我在《心路沧桑——从国民党60军到共产党50军》第八章第一节《曾军长负气要当炊事员》,以及《感天撼地50军》中,记述了在第二次战役后的战役总结会上,第50军军部机关干部“发扬军事民主”时“怨气冲天”的牢骚怪话。

也就是在这次战役总结会后,军党委针对存在的问题,利用作战间隙,在全军上下普遍开展了为期一周的“思想整顿”,通过开展批评与自我批评,“批判右倾思想”,检查“战斗意志和战斗积极性”,总结作战的经验教训。同时,调整了个别“思想右倾”的团以下带兵主官。

经过整顿,部队求战热潮空前高涨,全军指战员憋足了劲,一定要打个翻身仗!以至于第三次战役发起时,部队战前动员口号竟“牛”得出奇:“敢与敌人见面就是胜利!”

不少人在研究评说志愿军第50军战史时,常常忽视了这样一个基本史实:第50军基层指战员的主体是国民党起义官兵。在国民党军队,广大士兵群众所受的阶级压迫,骇人听闻。这些起义官兵娴熟的军事技术是国民党残酷的军阀制度训练出来的,他们高度的政治觉悟是起义后中国共产党领导的政治整训特别是控诉运动(控诉旧社会、控诉旧军队)激发出来的,是共产党全新的民主制度教育出来的。二者的有机结合,构成了这支部队基层指战员非同寻常的战斗力。

蔡正国就是在此背景下,于第三次战役前夕,由第40军副军长调任第50军副军长。

对蔡正国历史作用,我在总装备部《神剑》杂志2008年第3期刊登的《屹立云霄——志愿军第50军副军长蔡正国牺牲经过》中,记述过当年志愿军第50军司令部两位作战参谋的评价:

郑竹书回忆说:“蔡副军长来之前,50军在朝鲜战场上缺乏系统的指挥,军部各级人员的作用发挥得也不是很好。

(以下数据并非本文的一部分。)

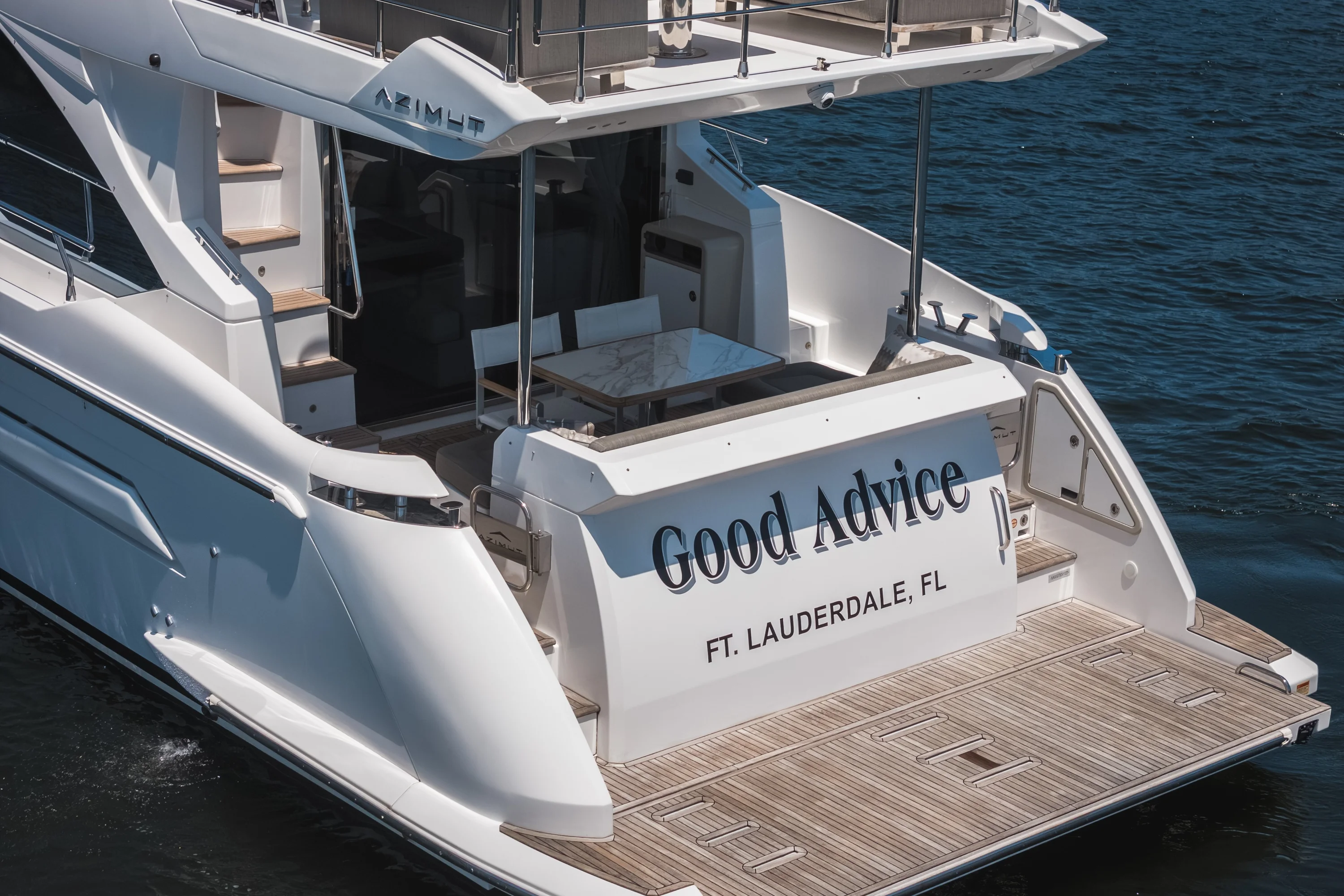 2021 Azimut 50 FLY Image Thumbnail #11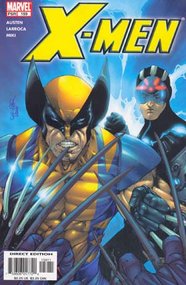 X-Men (2004) #159
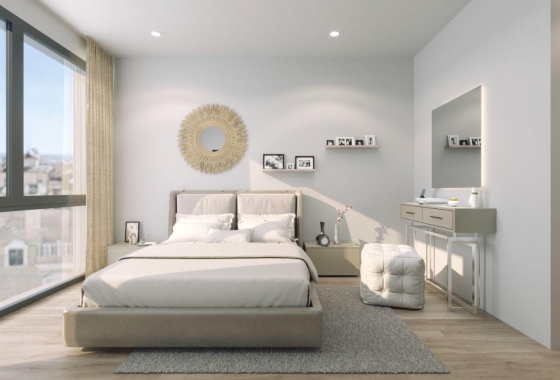 Obra nueva - Apartamento / piso - Torrevieja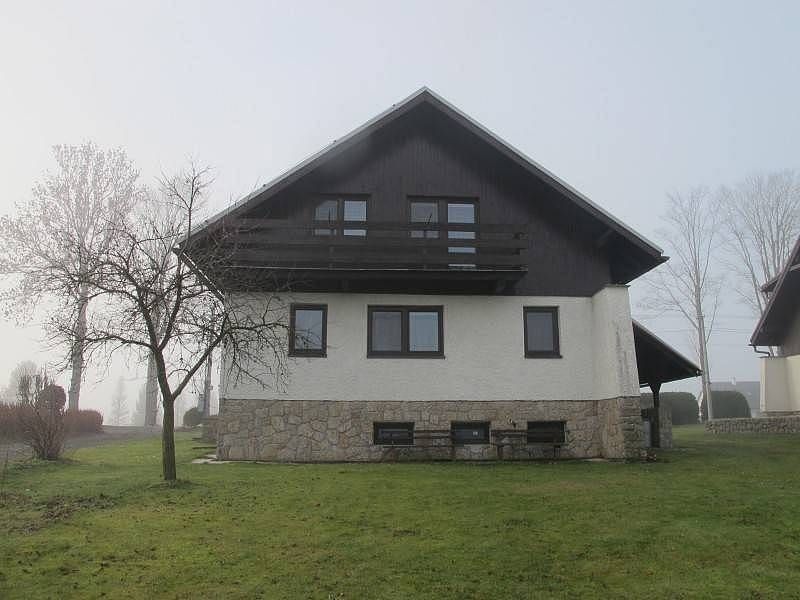 Chaty, Moravské Křižánky, Kraj Vysočina - 2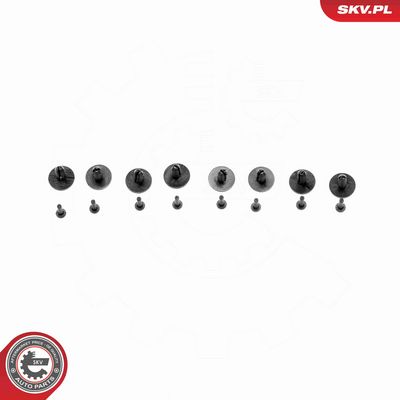 MATERIAL AMORTIZARE ZGOMOT NISA MOTOR ESEN SKV 96SKV452 3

自从蔡副军长来以后,全军上下形成系统有效的作战指挥体系,我们这些作战参谋才开始真正进入角色,司守电话,保持与各基层部队的联系,随时了解各部队的战况,编写作战日志。有了蔡正国副军长,曾泽生军长才真正地感觉到50军能打仗了。”郑竹书的这一评价,第50军最后一任参谋长、抗美援朝时任军司令部正连职作战参谋的李文彬,完全认同。

四、全歼英军坦克营曾让彭德怀难以置信

果然,与敌人不“见面”则已,一“见面”,第50军就打出了让志愿军统帅难以置信的“不俗的战绩”!

1950年12月31日第三次战役发起,第50军自茅石洞至高浪浦里地段强渡临津江,战至1951年1月2日,“联合国军”A线阵地被全面突破。

1月2日晚,第50军149师奉命“向高阳攻击前进”。

1月3日19时,第149师446团2营和445团1营分别插入仙游里至梧琴里以西谷地,经3小时激战,一举歼灭英军第29旅皇家来复枪第57团一部和英军第8骑兵(坦克)团直属中队(即1951年2月26日《人民日报》报道的“皇家重坦克营”)全部,炸毁敌坦克和装甲车27辆、汽车3辆,缴获坦克4辆、装甲车3辆、汽车18辆、榴弹炮2门,毙、伤敌200余人,俘敌少校营长柯尼斯以下官兵227人。(关于被歼英军的番号、被击毁坦克的型号等,我主要依据第50军军史及原志愿军外俘管理处第1团2中队教育中队长苏峥嵘的回忆。最近有网友依据外军史料,提出过某些置疑。见高戈里的博客《壮怀激烈50军2:血肉之躯拼坦克》)

第149师参战的两个步兵营没有任何反坦克火器,打坦克全靠爆破筒和炸药包,爆破筒和炸药包用光了,就用手榴弹,其战斗意志,可见一斑。那一夜,“揭盖盖”的吼声,在谷地此起彼伏,响彻云霄。

不料,我军战史上这绝无仅有的以两个步兵营用简陋的步兵武器歼敌一个坦克营的辉煌战绩上报志司后,却几度遭到质疑。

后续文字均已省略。